We didn't mean to kidnap one of the guys. It kind of, sort of happened that way. But now he's tied up in our hotel room. And the worst part of all, it's Rupert P. All four members of The Ruperts might have the same first name, but they couldn't be more different. And Rupert P. is the biggest flop out of the whole group.
We didn't mean to hold hostage a member of The Ruperts, I swear. At least, I didn't. We are fans. Okay, superfans who spend all of our free time tweeting about the boys and updating our fan tumblrs. But so what, that's what you do when you love a group so much it hurts.
How did it get this far? Who knows. I mean midterms are coming up. I really do not have time to go to hell.
Hmmm... This book. I didn't quite "get" this book.
We have fangirls. This particular group of fangirls are obsessed with a boy band called The Ruperts - aptly named because each of the members share the name Rupert. The Ruperts are going to be hosting a Thanksgiving special in New York City, and our fangirls have decided to reserve a room in the same hotel with the hopes of running into them. And they do. Well, they run into one of them. Literally. Then there is a kidnapping. And things get out of control very, very quickly.
The premise sounds fun. Yes. Once upon a time I enjoyed a good boy band. I grew up in the era of New Kids On the Block and later The Backstreet Boys and N'Sync. I maybe might have gone to their concerts, but I didn't own any t-shirts, or posters, or dolls. I was not a fangirl, but I knew them. They were a bit crazy, but were generally harmless young women who had vivid imaginations.

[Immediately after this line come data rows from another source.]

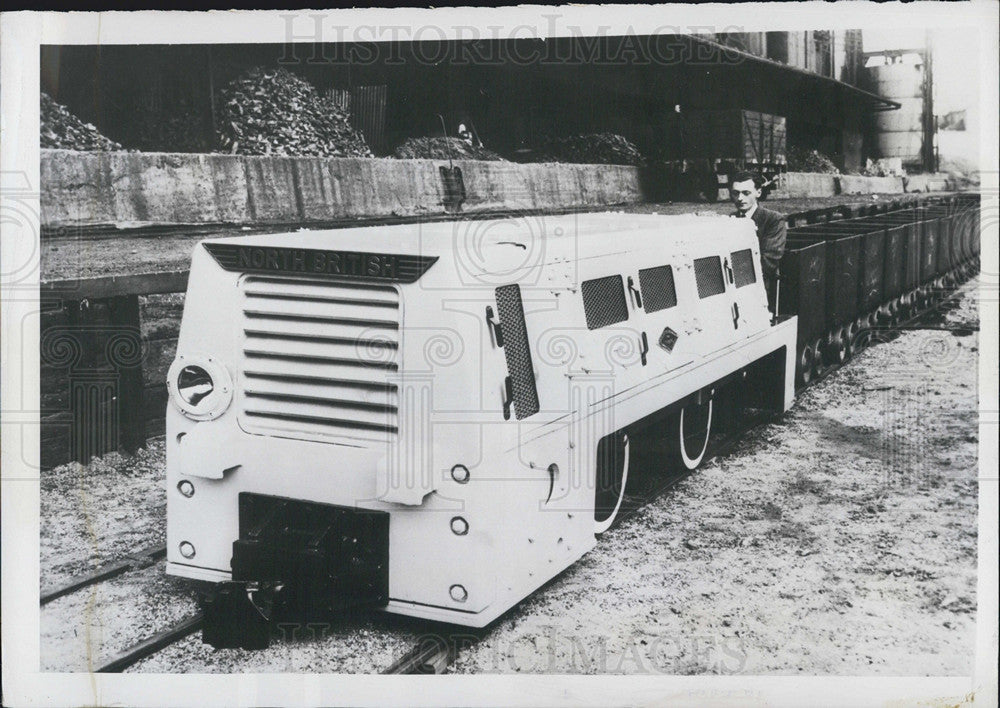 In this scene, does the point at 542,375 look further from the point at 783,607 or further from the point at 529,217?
the point at 783,607

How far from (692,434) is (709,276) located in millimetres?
937

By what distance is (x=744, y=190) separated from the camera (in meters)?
6.09

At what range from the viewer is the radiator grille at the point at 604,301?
5004 mm

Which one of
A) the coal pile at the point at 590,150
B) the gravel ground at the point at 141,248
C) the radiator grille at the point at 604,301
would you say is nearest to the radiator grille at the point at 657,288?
the radiator grille at the point at 604,301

But this book was not depicting those girls. Is it satire? A tongue and cheek commentary on fandom? I can't tell. I feel like it was meant to be funny, but I was more disgusted than amused. I would have even preferred the characters to be stereotyped into the girls I knew. At times Moldavsky tried, describing each of the girls and why they liked a particular boy, but in order for that to work it would have had to be exaggerated. Instead, we have morally depraved young girls who take no responsibility for their actions. There's also a bit of fat shaming which is uncomfortable and unresolved and an ending that left me unsatisfied.
The thing is, I liked the voice of the book. Not the narrator, but the voice. It was conversational and familiar. The audiobook reader did an excellent job bringing that to life, not "reading" the book but telling the listener a story. Moldavsky has talent, but this was just not the story for me.
It has stayed with me though. I have talked to others about it. Ranted about it. Vented about it. And I've gone back and read reviews to see if I was alone in my assessment. In that, Moldavsky has succeeded.
I'd love to hear your thoughts. Check it out from your library and let me know what you think.
Well shoot, now I have a Backstreet Boys song in my head. "You are, my fire. The one, desire. Believe, when I say, I want it that way."